=== Try it ===
The exercise calls for exact output of the lines between the one that contains "Photo of 11 IVY HILL DRIVE" and the end of the data, with both ends kept and pictures left out.

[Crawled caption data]
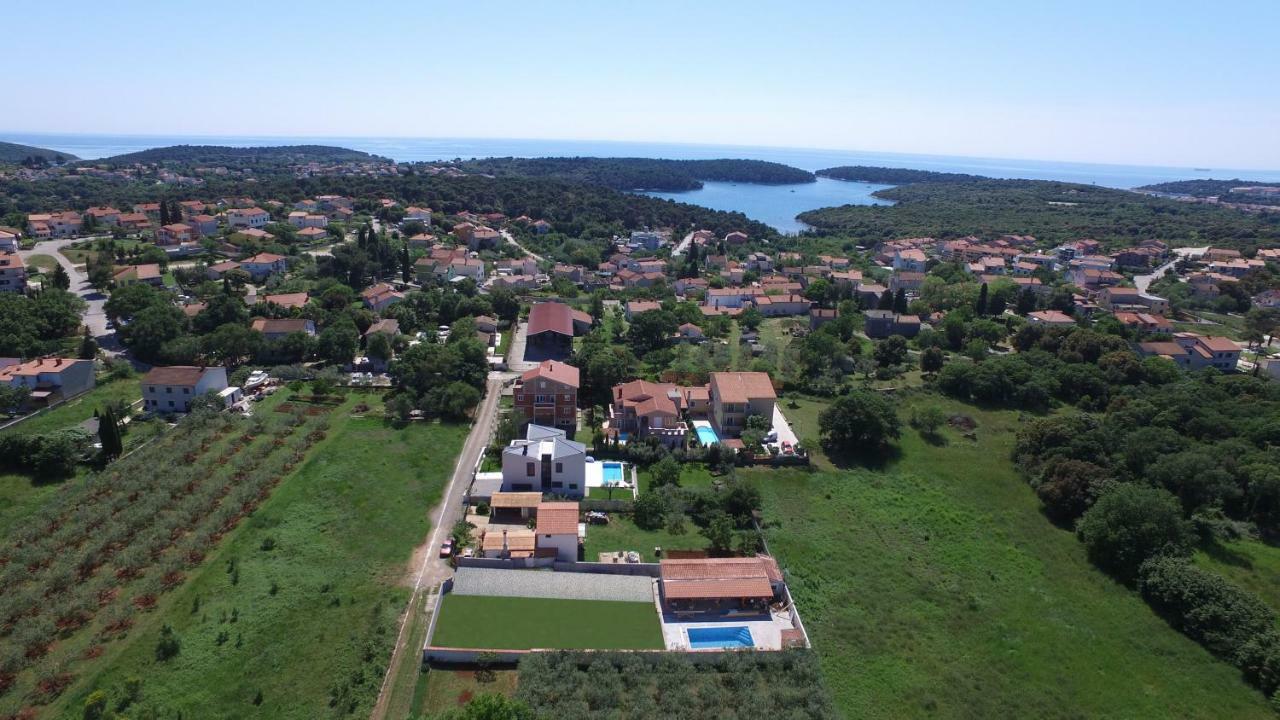 Holiday Home Petrovic メドゥリン エクステリア 写真
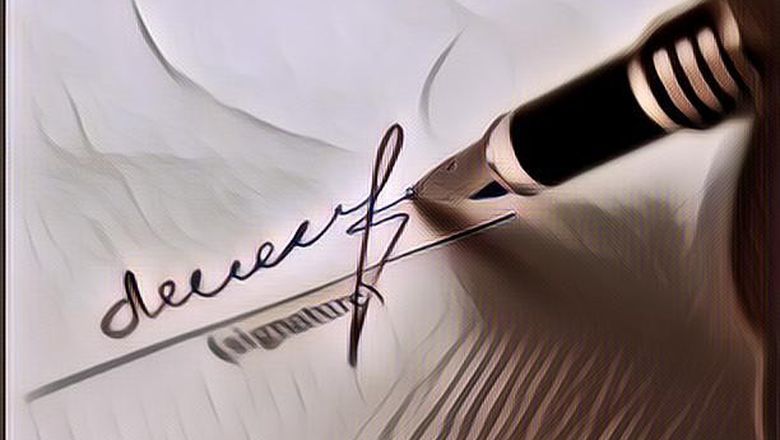 Wanita Ini Punya Pekerjaan Terunik di Dunia: Vermak Tanda Tangan Orang Lain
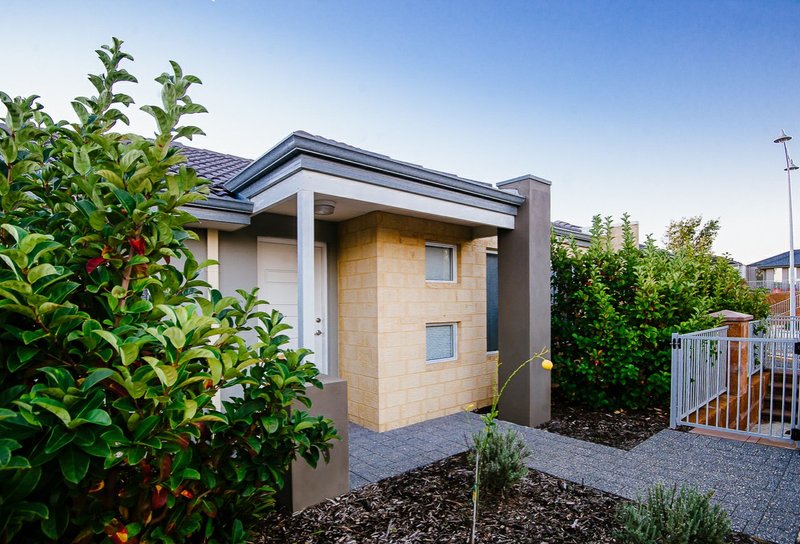 Photo - 3/24 Porrecta Link, Banksia Grove WA 6031 - Image 2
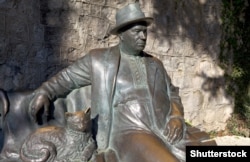 Скульптура Микити Хрущова в Криму, яку встановили в 2013 році, й котру офіційно називають «Кримчанином на відпочинку». Парк на території селища міського типу Партеніт, яке підпорядковане Алуштинській міській раді
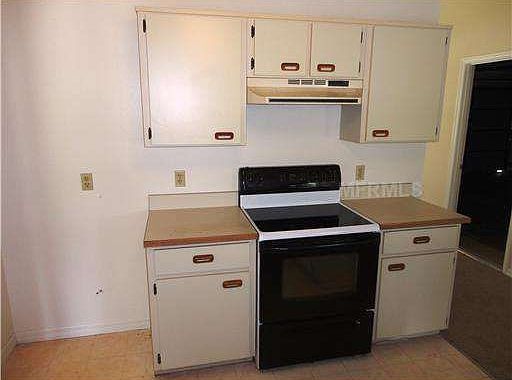 3rd image of 2849 Beaver Dr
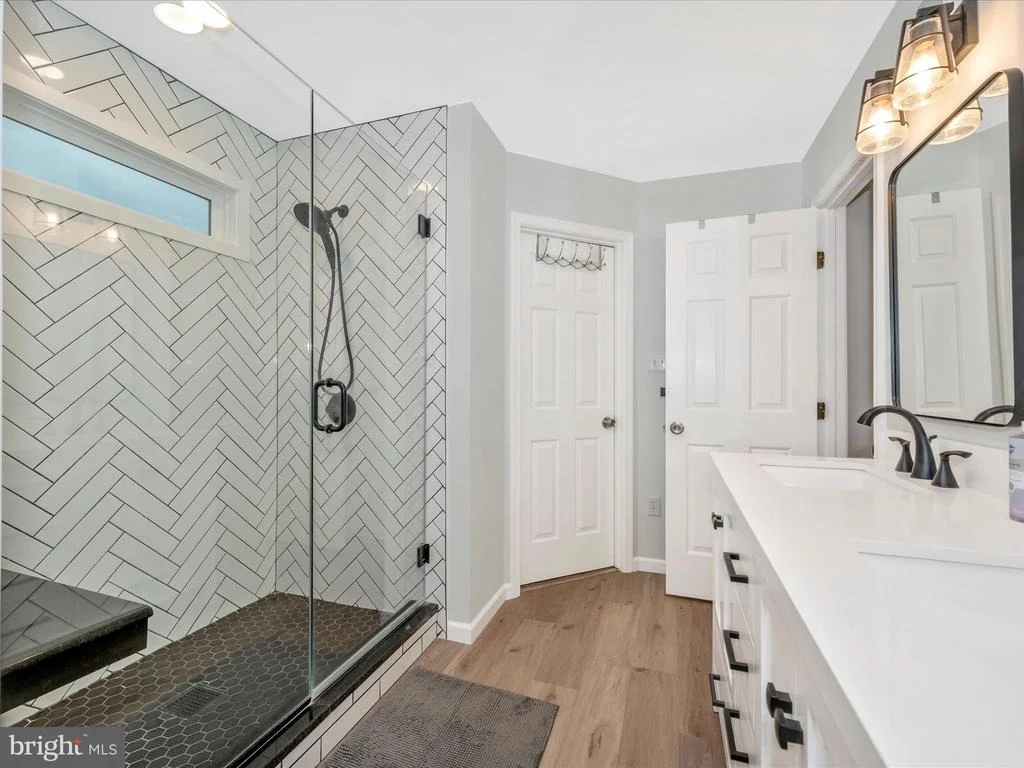 Photo of 11 IVY HILL DRIVE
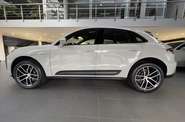 Porsche Macan Base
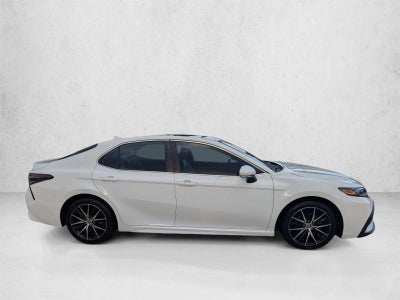 2022 Toyota Camry SE Auto (SE)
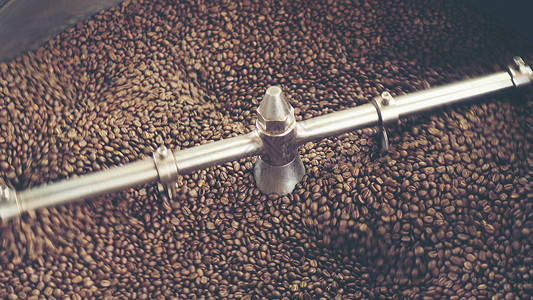 新鲜烘焙芳香咖啡豆现代咖啡烘焙机,老式过滤图像图片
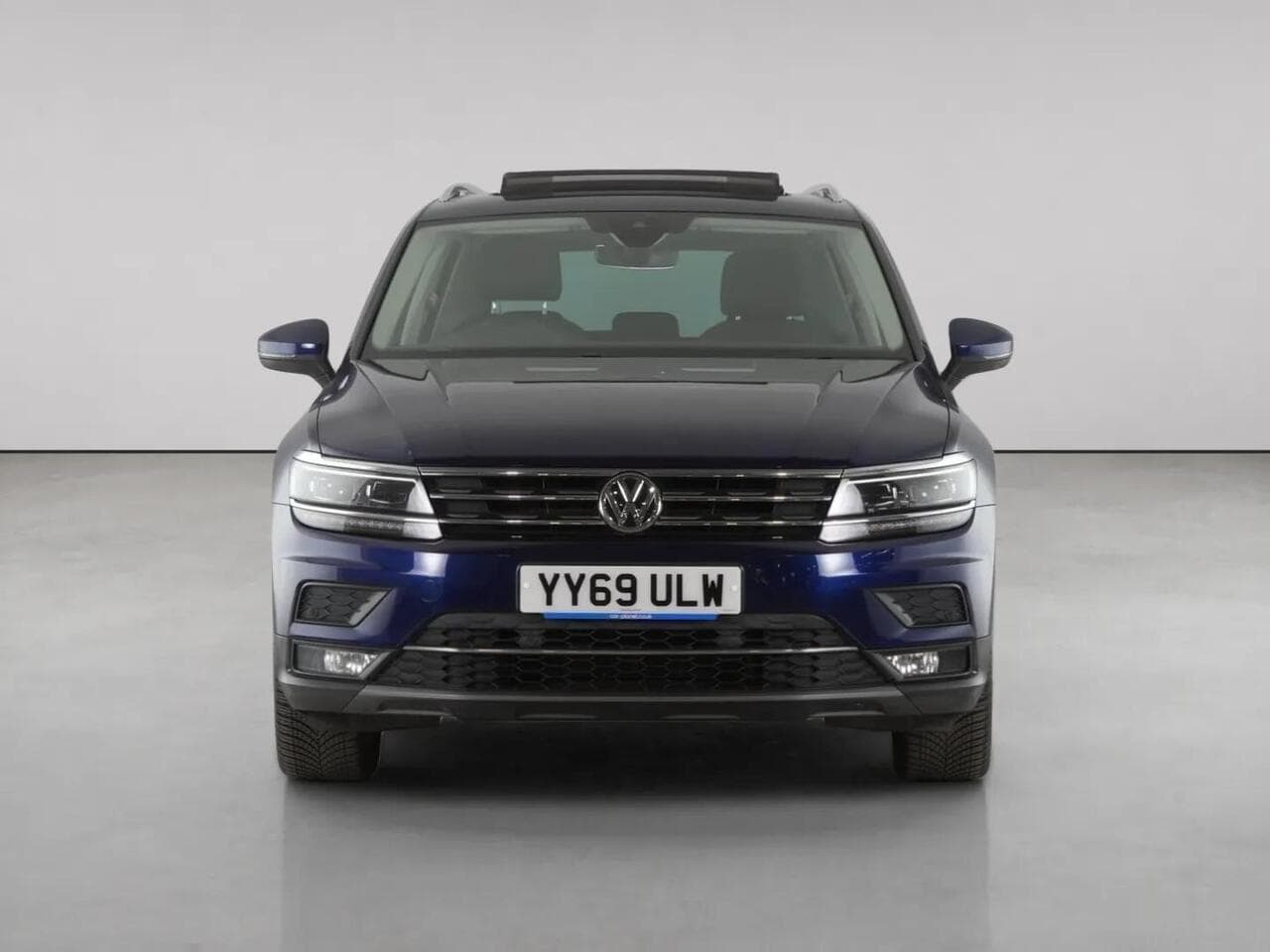 Volkswagen Tiguan thumbnail Front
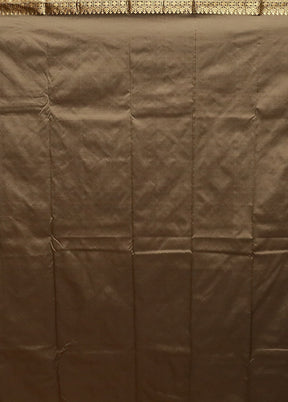Grey Kanjivaram Silk Saree With Blouse Piece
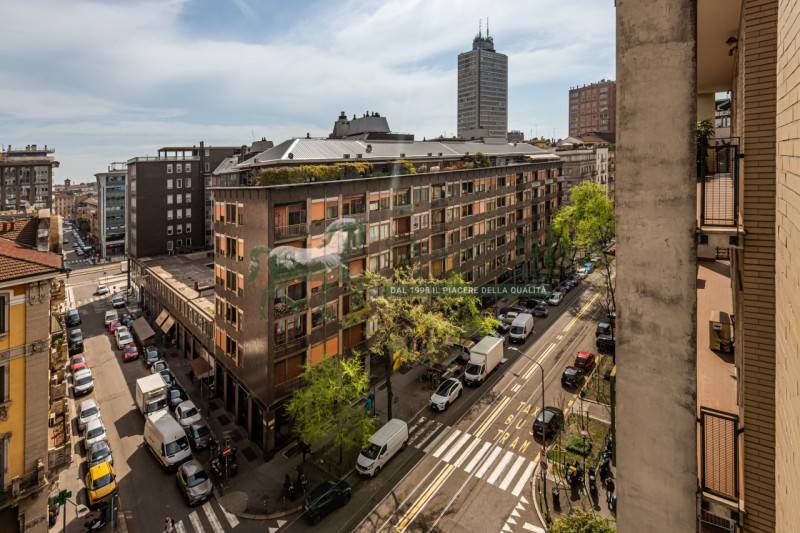 appartamento in vendita a Milano in zona Porta Nuova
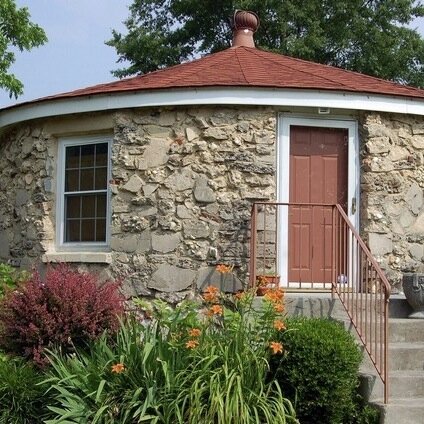 Museum devoted to preserve, promote and present African-American history, art and culture.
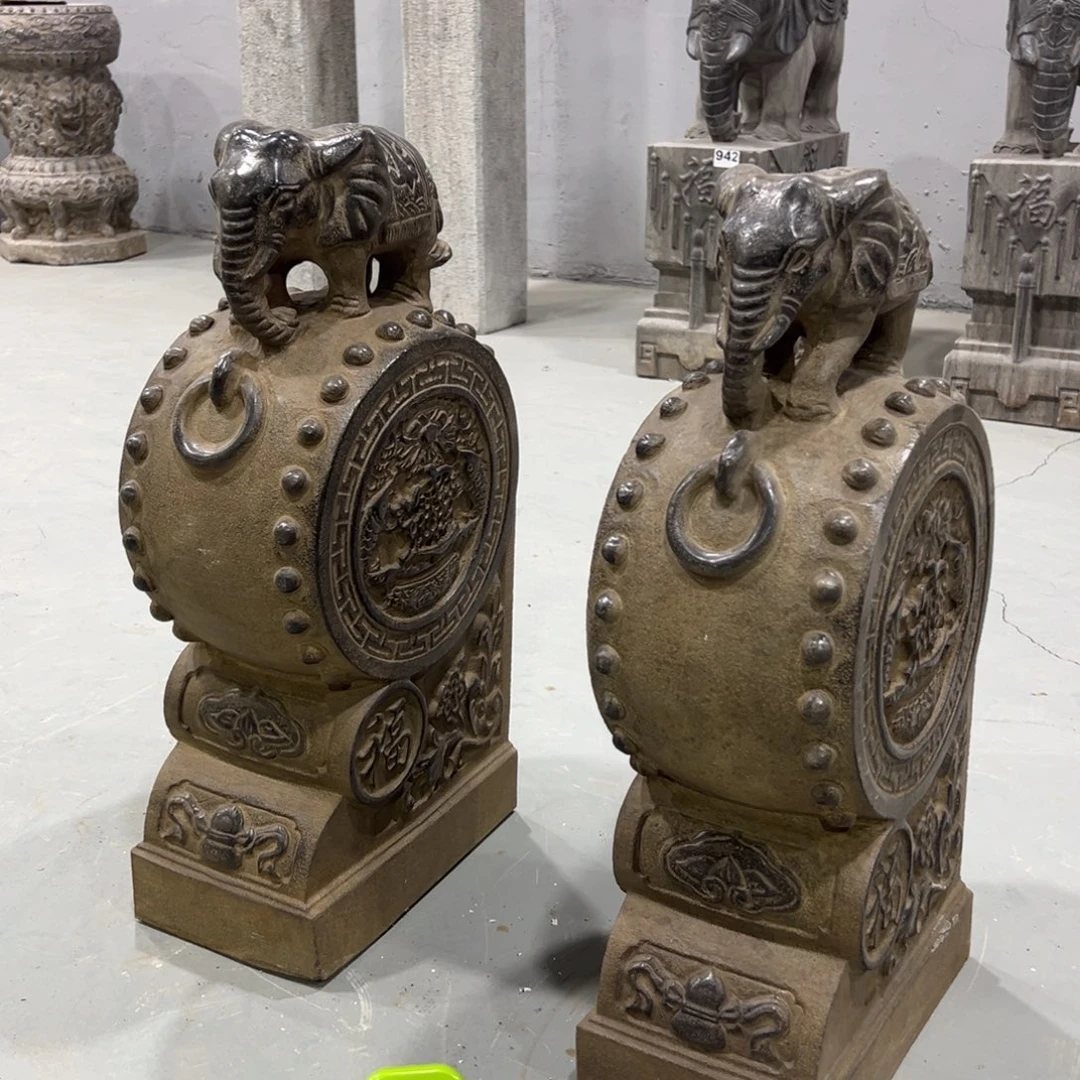 黑青石材质抱鼓石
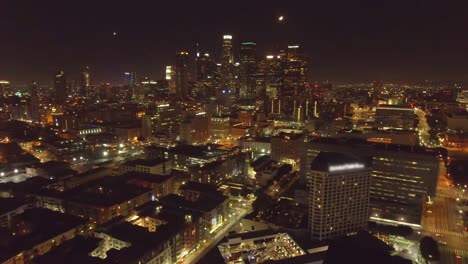 Schöne-Luftaufnahme-von-Los-Angeles-in-der-Nacht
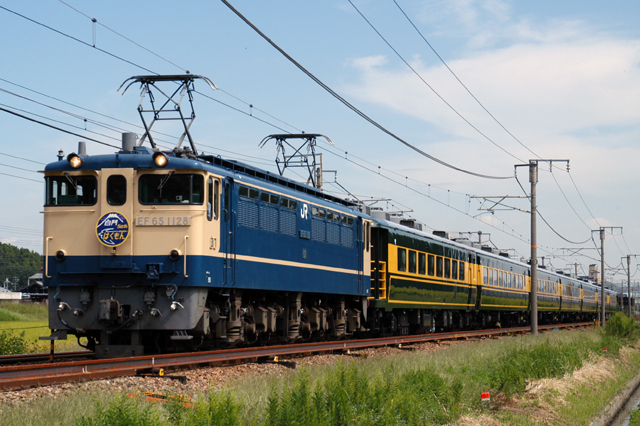 f0014380_9374845.jpg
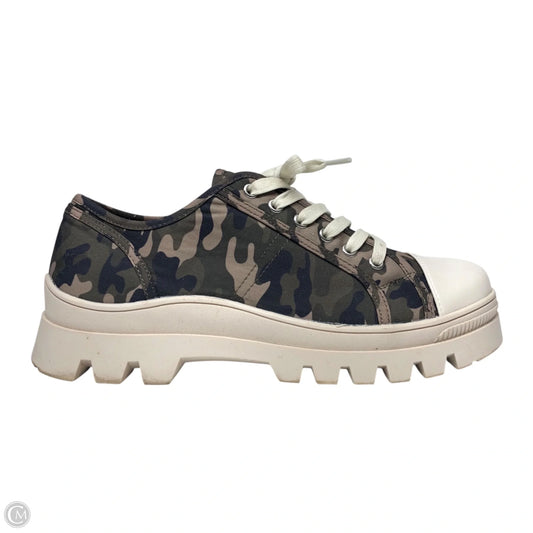 Shoes Sneakers By Cato In Camouflage Print, Size: 12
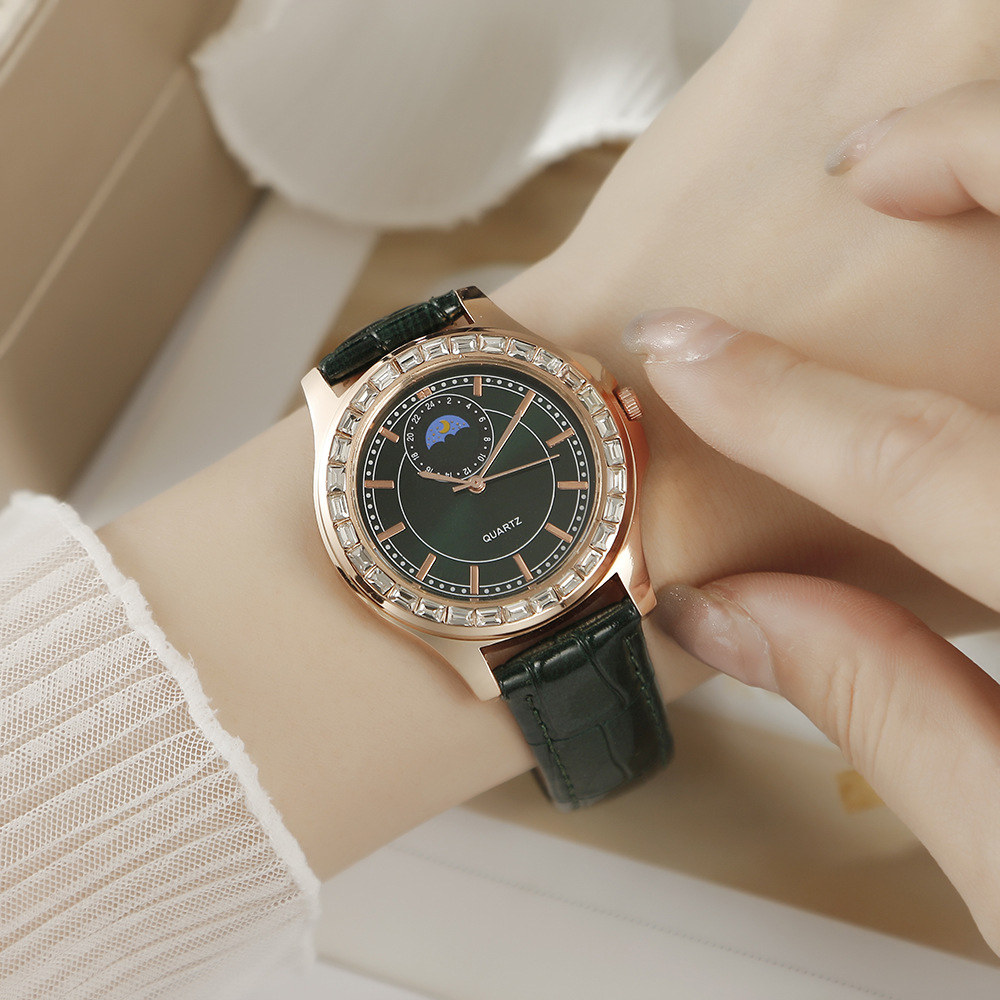 Cost performance  New Business and Leisure Inlaid Men's Belt High end Fashion Full Diamond Style Women's Quartz Watch_voghion.com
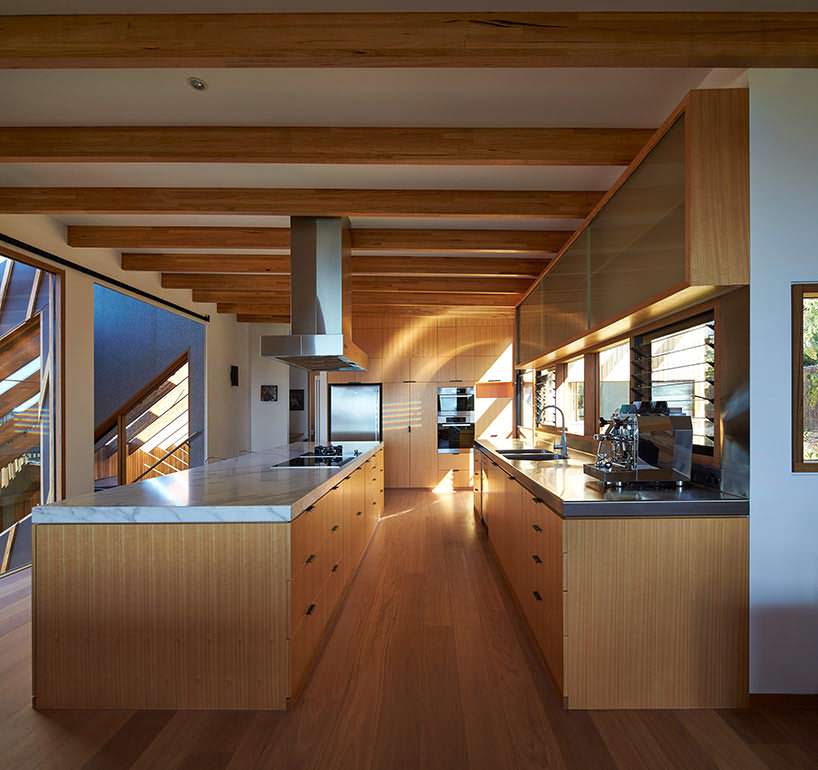 Дизайн интерьера кухни-столовой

=== Output of the task ===
 Photo of 11 IVY HILL DRIVE
 Porsche Macan Base
 2022 Toyota Camry SE Auto (SE)
 新鲜烘焙芳香咖啡豆现代咖啡烘焙机,老式过滤图像图片
 Volkswagen Tiguan thumbnail Front
Grey Kanjivaram Silk Saree With Blouse Piece
 appartamento in vendita a Milano in zona Porta Nuova
 Museum devoted to preserve, promote and present African-American history, art and culture.
 黑青石材质抱鼓石
 Schöne-Luftaufnahme-von-Los-Angeles-in-der-Nacht
 f0014380_9374845.jpg
 Shoes Sneakers By Cato In Camouflage Print, Size: 12
 Cost performance  New Business and Leisure Inlaid Men's Belt High end Fashion Full Diamond Style Women's Quartz Watch_voghion.com
 Дизайн интерьера кухни-столовой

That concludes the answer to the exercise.